# [Server] Eigener DynDNS

## Finswimmer

Hallo,

ich habe nach folgender Anleitung http://andrwe.org/linux/own-ddns einen eigenen DynDNS Server aufgesetzt.

Logge ich mich auf dem Server ein und gebe "dig home.tobi.dyndns.SERVER.de" ein, dann bekomme ich die IP von mir zuhause.

Ich hatte aber erwartet, dass nun auch über http://home.tobi.dyndns.SERVER.de eine Weiterleitung auf die IP zuhause erfolgt.

Das ist aber nicht der Fall.

Was ist da noch falsch?

Vielen Dank

Tobi

----------

## papahuhn

 *Finswimmer wrote:*   

> Hallo,
> 
> ich habe nach folgender Anleitung http://andrwe.org/linux/own-ddns einen eigenen DynDNS Server aufgesetzt.
> 
> Logge ich mich auf dem Server ein und gebe "dig home.tobi.dyndns.SERVER.de" ein, dann bekomme ich die IP von mir zuhause.
> ...

 

Ohne Details schwierig zu sagen. Verweisen die NS records Deiner Domain "SERVER.de" auf den Server?

----------

## Finswimmer

Hallo,

ich möchte eigentlich den DynDNS Service nachbauen:

Mein lokaler PC mit dynamischer IP soll regelmäßig dem Server mitteilen, welche IP Adresse aktuell ist.
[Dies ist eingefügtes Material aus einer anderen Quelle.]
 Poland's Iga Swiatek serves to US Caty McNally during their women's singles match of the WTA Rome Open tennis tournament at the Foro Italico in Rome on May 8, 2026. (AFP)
Von überall will ich dann auf die Adresse home.SERVER.de zugreifen (per SSH, HTTP, usw.) und das soll dann auf die dyn. IP vom lokalen PC weisen.

Der BIND (DNS-Server) von SERVER hat wohl die home.SERVER.de <-> IP-Adresse gespeichert.

Nur gibt er es nicht nach "außen", wenn ich auf die Subdomain zugreife.

Vielen Dank

Tobi

----------

## Finswimmer

UPDATE:

Bei Strato gibt es bei meinem BasicWeb XL Paket die Möglichkeit für eine Subdomain einen DynDNS zu betreiben.

Dies habe ich aktiviert und mit ddclient aktualisiert. Das klappt nun sehr gut.

Allerdings ist dies nicht der Weg, den ich oben nutzen wollte.

Falls ihr dazu also noch Tipps/Ideen habt, wäre ich Euch dennoch dankbar, da ich das gerne lernen/verstehen würde.

Die Idee ist doch, dass der SERVER alle Aufrufe an home.SERVER.de nicht selbst verarbeitet sondern an die dyn. IP Adresse weiterleitet.

Über einen richtigen DNS Eintrag, der weltweit an alle DNS-Server weitergegeben wird, kann es nicht gehen, da es ja sofort verfügbar ist.

Ein lokaler DNS-Server hilft da auch nur bedingt, da der Client einen eigenen/anderen DNS-Server verwendet.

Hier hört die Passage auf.